Task statement: Copy the records below exactly, omitting any pictures they contain.
----------------------------------------
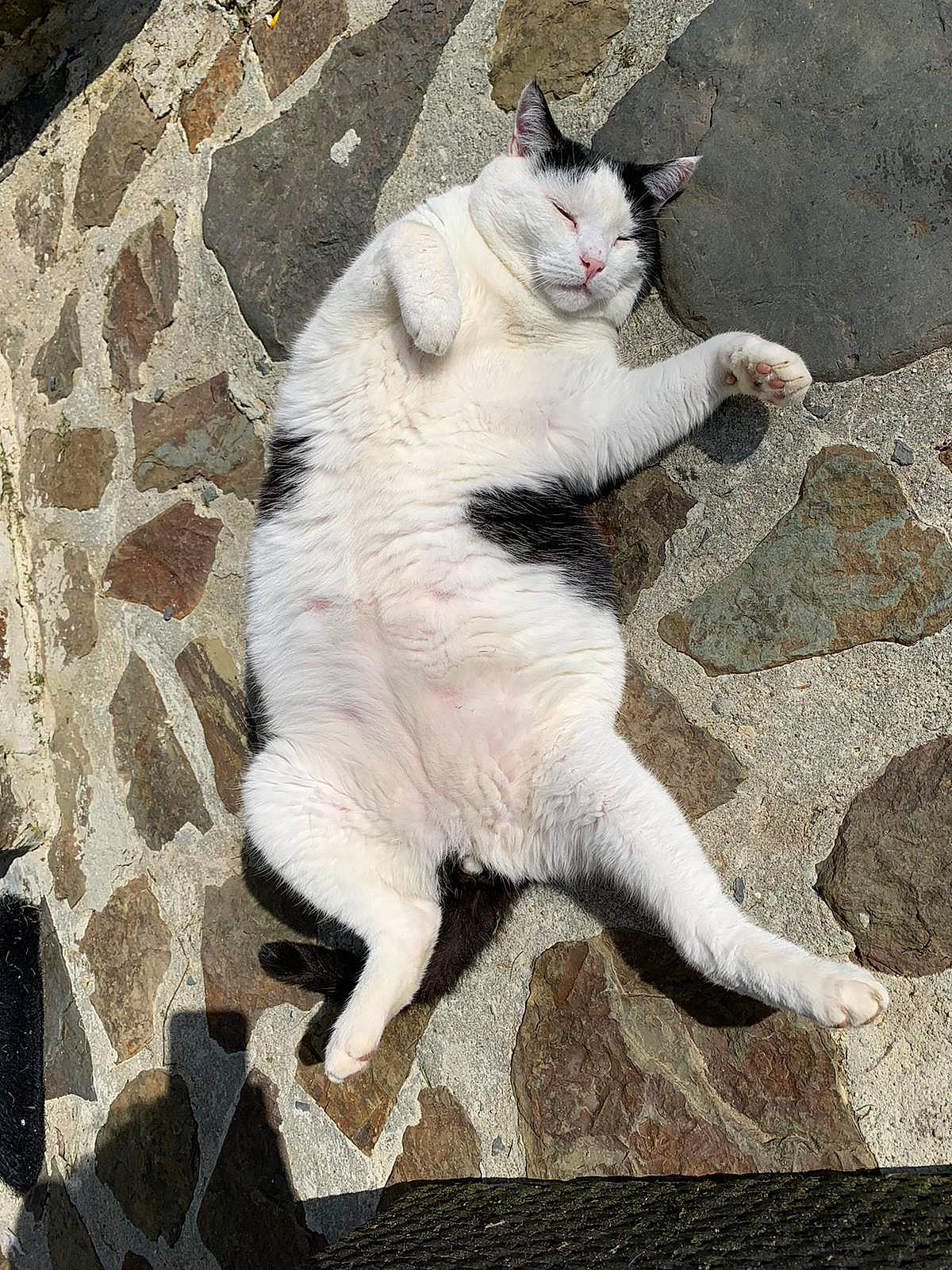 Avalon participe au concours pour gagner de l'argent avec cette photo : aegean_cat, asian, carnivore, cat, domestic_short_haired_cat, felidae, fur, small_to_medium_sized_cats, snout, tail, whiskers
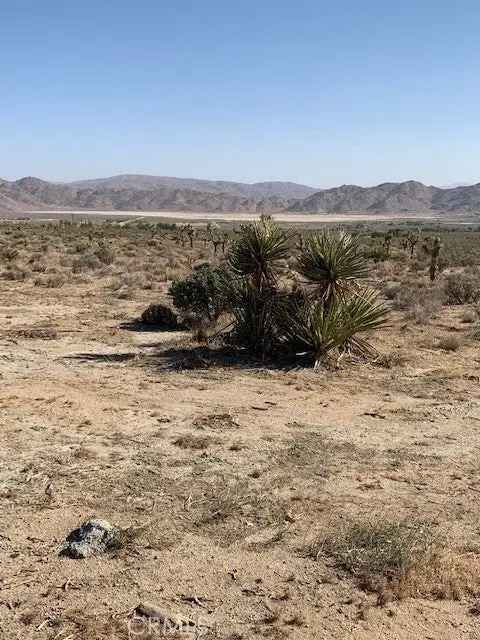 Land For Sale in Lucerne Valley, California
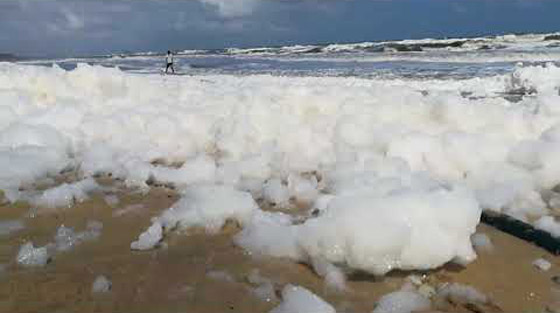 فيديو وصور: رغوة بيضاء غامضة تغطي أشهر شواطئ الهند! صورة رقم 2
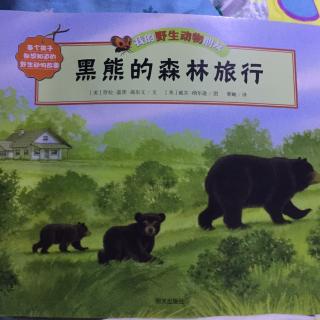 黑熊的森林旅行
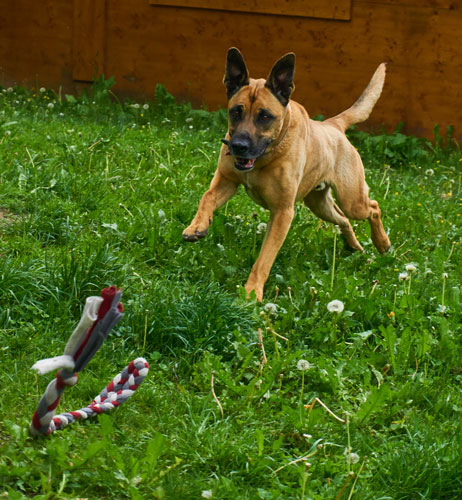 Hundepension (Symbolbild) Hundepension (Symbolbild)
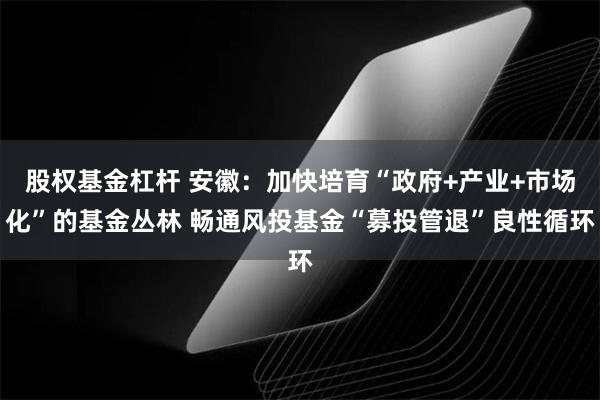 股权基金杠杆 安徽：加快培育“政府+产业+市场化”的基金丛林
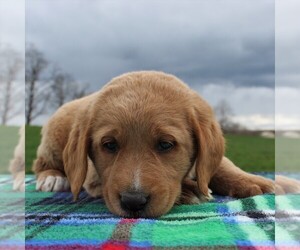 Labradoodle Puppy for sale in GREENCASTLE, PA, USA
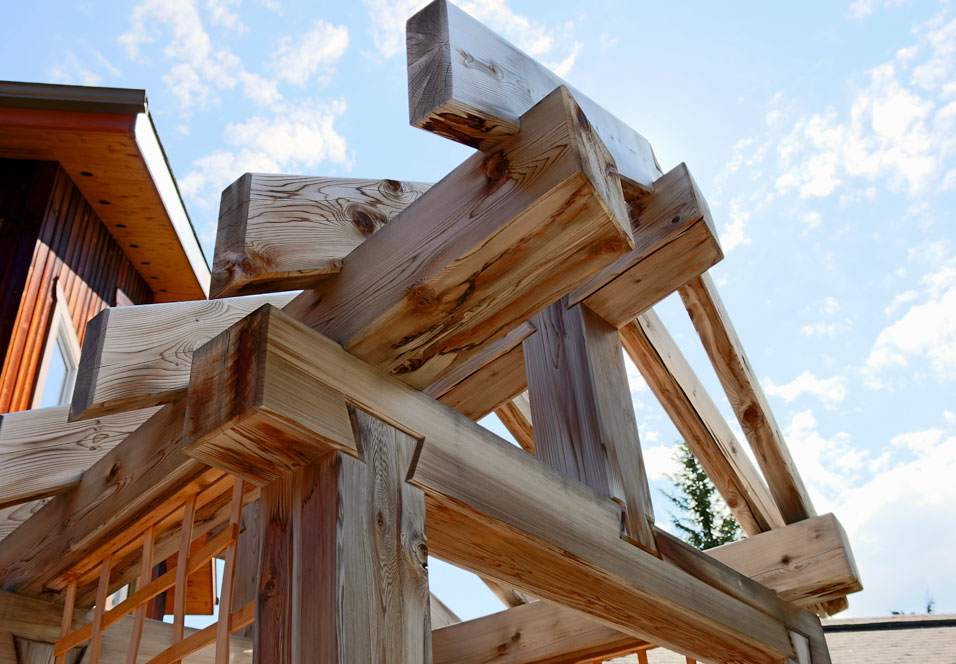 Arbor Close-Up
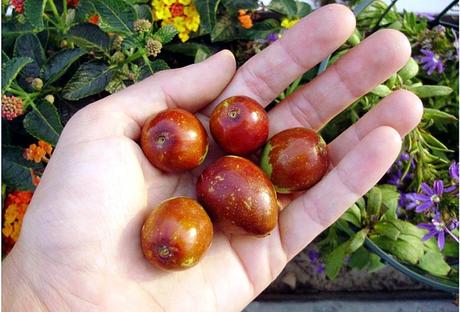 Giuggiole proprietà dolce ed energizzante Giuggiole proprietà dolce ed energizzante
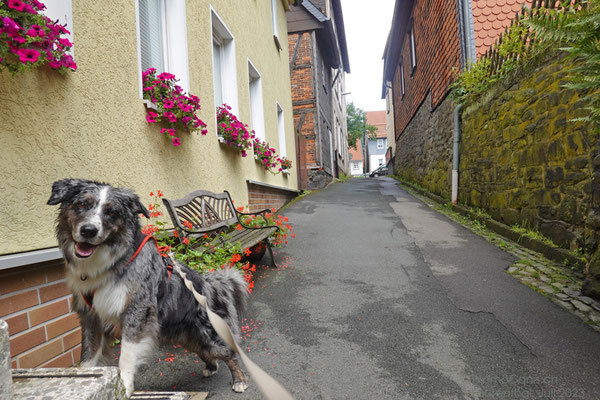 In der Bäckerstrasse - und wenn Frauchen fotografiert, posiert Shadow natürlich gleich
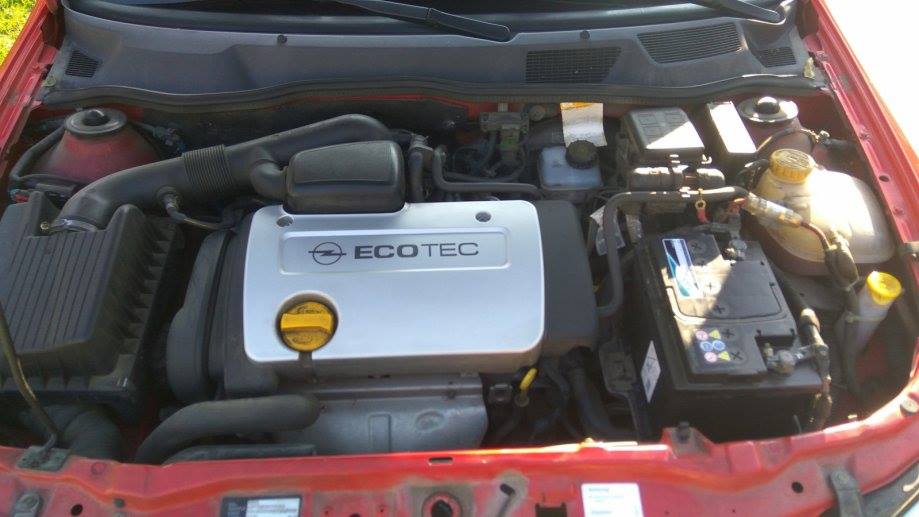 46778400_522470518228898_7986600023167074304_n (1)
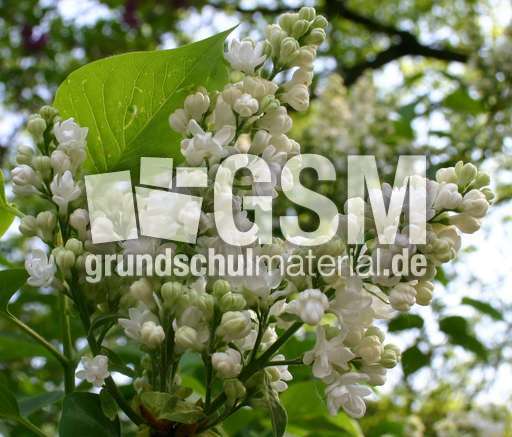 Fliederblueten-weiss-2.jpg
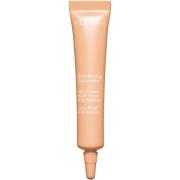 Clarins Everlasting Concealer 01 Light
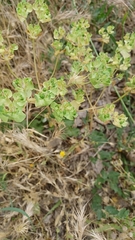 Euphorbia falcata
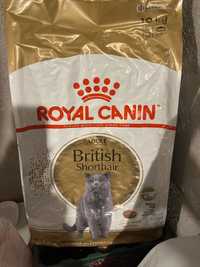 Royal Canin British Shorthair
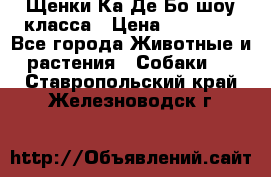 Щенки Ка Де Бо шоу класса › Цена ­ 60 000 - Все города Животные и растения » Собаки   . Ставропольский край,Железноводск г.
----------------------------------------
Solution below:
 Avalon participe au concours pour gagner de l'argent avec cette photo : aegean_cat, asian, carnivore, cat, domestic_short_haired_cat, felidae, fur, small_to_medium_sized_cats, snout, tail, whiskers
 Land For Sale in Lucerne Valley, California
 فيديو وصور: رغوة بيضاء غامضة تغطي أشهر شواطئ الهند! صورة رقم 2
 黑熊的森林旅行
 Hundepension (Symbolbild) Hundepension (Symbolbild)
 股权基金杠杆 安徽：加快培育“政府+产业+市场化”的基金丛林
 Labradoodle Puppy for sale in GREENCASTLE, PA, USA
 Arbor Close-Up
 Giuggiole proprietà dolce ed energizzante Giuggiole proprietà dolce ed energizzante
 In der Bäckerstrasse - und wenn Frauchen fotografiert, posiert Shadow natürlich gleich
 46778400_522470518228898_7986600023167074304_n (1)
 Fliederblueten-weiss-2.jpg
 Clarins Everlasting Concealer 01 Light
 Euphorbia falcata
 Royal Canin British Shorthair
 Щенки Ка Де Бо шоу класса › Цена ­ 60 000 - Все города Животные и растения » Собаки   . Ставропольский край,Железноводск г.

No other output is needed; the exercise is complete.